Песни переулков

Makki
Когда я просыпаюсь, на меня всегда смотрит яркий, веселый разноцветный самовар. Розовые и лазоревые оттенки, в центре нарисован серп и молот: такая классика советского арт-деко. Вообще вся эта комната с темно-бордовыми обоями и коврами, старинной мебелью и черным расстроенным пианино впечатляет и заставляет смотреть на жизнь как-то по особенному. Идешь на кухню, делаешь себе чай и садишься играть, поначалу совсем неумело, но потихоньку пальцы немного вспоминают, простые переборы аккордов. В квартире никого нет, солнце пробивается через пыльные занавески. И тут я неожиданно запел. Сначала тихо, но потом все громче. Тоска в голосе, боль в груди, невозможность принять все так как есть. Я уже все перепробовал, чтобы избавиться от этого ощущения, все бесполезно. Вдруг придумались слова и легкий мотив, и я сижу и пою, вытаскивая из себя это колотун и тряску. И хорошо, что никто этого не слышит и не видит. Я, пианино и самовар, мы как-то вместе несовместимы. Но все-таки реальны.
***
Я выхожу на улицу, надеваю наушники и слушаю прекрасную Флоренс. Она поет с каким-то надрывом, но я иду и ловлю себя на мысли, что все, что у меня осталось от *** - эта странная страсть фотографировать людей или стены на мобильный. И я уже смотрю на окружающий меня мир совершенно по-новому. Хорошие, сильные кадры у меня пока не выходят. Я встречаю очень близкого моего друга и мы идем гулять по тверским-ямским улицам. Это место напоминает Тель-Авив. Низкие квадратные домики, деревья, какой-то покой. Около загса, где я первый раз женился, везде на асфальте разбросаны конфетти, пьяный жених покачивается у лимузина, страшные подружки невесты суетятся вокруг.

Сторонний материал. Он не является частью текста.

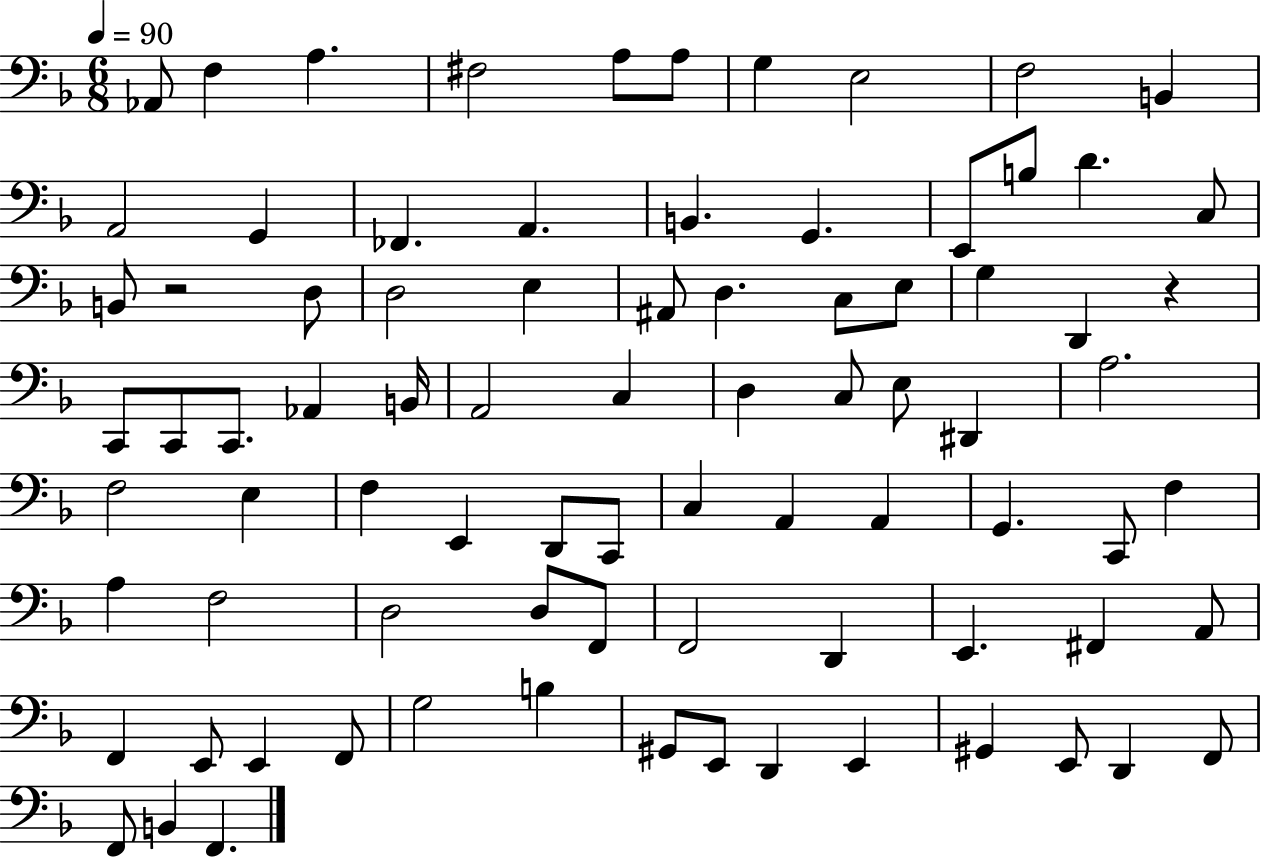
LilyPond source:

{
  \clef bass
  \numericTimeSignature
  \time 6/8
  \key f \major
  \tempo 4 = 90
  aes,8 f4 a4. | fis2 a8 a8 | g4 e2 | f2 b,4 | \break a,2 g,4 | fes,4. a,4. | b,4. g,4. | e,8 b8 d'4. c8 | \break b,8 r2 d8 | d2 e4 | ais,8 d4. c8 e8 | g4 d,4 r4 | \break c,8 c,8 c,8. aes,4 b,16 | a,2 c4 | d4 c8 e8 dis,4 | a2. | \break f2 e4 | f4 e,4 d,8 c,8 | c4 a,4 a,4 | g,4. c,8 f4 | \break a4 f2 | d2 d8 f,8 | f,2 d,4 | e,4. fis,4 a,8 | \break f,4 e,8 e,4 f,8 | g2 b4 | gis,8 e,8 d,4 e,4 | gis,4 e,8 d,4 f,8 | \break f,8 b,4 f,4. | \bar "|."
}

Полупустая бутылка из под шампанского и гламурный бомж в пальто с меховым отворотом, который неторопливо разбирает мусорный бак у загса, добавляет всем этим любовным переживаниям особый привкус.
***
Спускаясь по Страстному бульвару, проходим мимо старинного здания больницы, где досками заколочены все окна. Москва так легко расстается с красивыми зданиями. От моего роддома, в котором я родился на улице Лесной, уже ничего не осталось, теперь это солидное здание банка, и как-то странно смотреть на это и пытаться ассоциировать начало своей жизни с этой коробкой из гранита и неона. Хорошо, что еще есть какие-то маленькие кусочки, где ты можешь погрузиться в забытое ощущение покоя. И если в Тель-Авиве как-то ощущается разница между выходными и рабочими днями, то в Москве как будто праздник каждый день. От этого тишина вокруг бульваров становится еще ценней. Наверху Рождественского бульвара вдруг ловится огненно рыжий закат. На несколько минут становится очень тепло, и так хочется перенести это тепло на несколько месяцев назад, когда я бродил в переулках около Олимпийского, поскальзываясь и разбивая себе коленки об лед. Может, и вправду уехать на Кубу?
***
На улице Машкова вдруг из темноты выплывает странный дом-яйцо. Рядом на стене литературный слоган «Лев Толстой oi oi oi». На соседней улице фанаты жгут файера. Хотя до дерби еще один день. Мир вокруг начинает напоминать какой-то клип. Москва живет своей собственной жизнью, где мы все маленькие винтики в большом механизме. Мы вертимся, крутимся, влюбляемся и разочаровываемся в людях. Мы совершаем одни и те же движения, даже не задумываясь попробовать что-то иное. Мы перестаем замечать цвета вокруг, мы перестаем придумывать что-то новое. Но, если взять и остановиться, выключить обязательства и просто идти и гулять по Москве, ее маленьким улочкам, то в конце можно все-таки откопать сокровище. И хотя до Садового совсем рукой подать, почему-то очень тихо. Ни машин, ни людей, никого. Только одинокий огонек в окне на первом этаже. Мы идем мимо, и вдруг я понимаю, что я слышу, как человек поет. Вот он стоит такой за занавеской и поет. И я сразу возвращаюсь в свое одинокое утро, когда я почему-то запел. День замкнулся. Я почему-то был уверен, что так поют люди, которые потеряли свое собственное отражение в бесчисленных переулках судьбы. Тихо, с дрожью в голосе, обреченно и очень тепло. Как жаль, что я не видел его лица, но ему вряд ли бы хотелось, чтобы его кто-то слышал. Понимая это, унося с собой слова его песни, я ушел бродить дальше в ночь, пытаясь в миллионный раз найти ответ на вопрос: почему все сложилось так, а не иначе.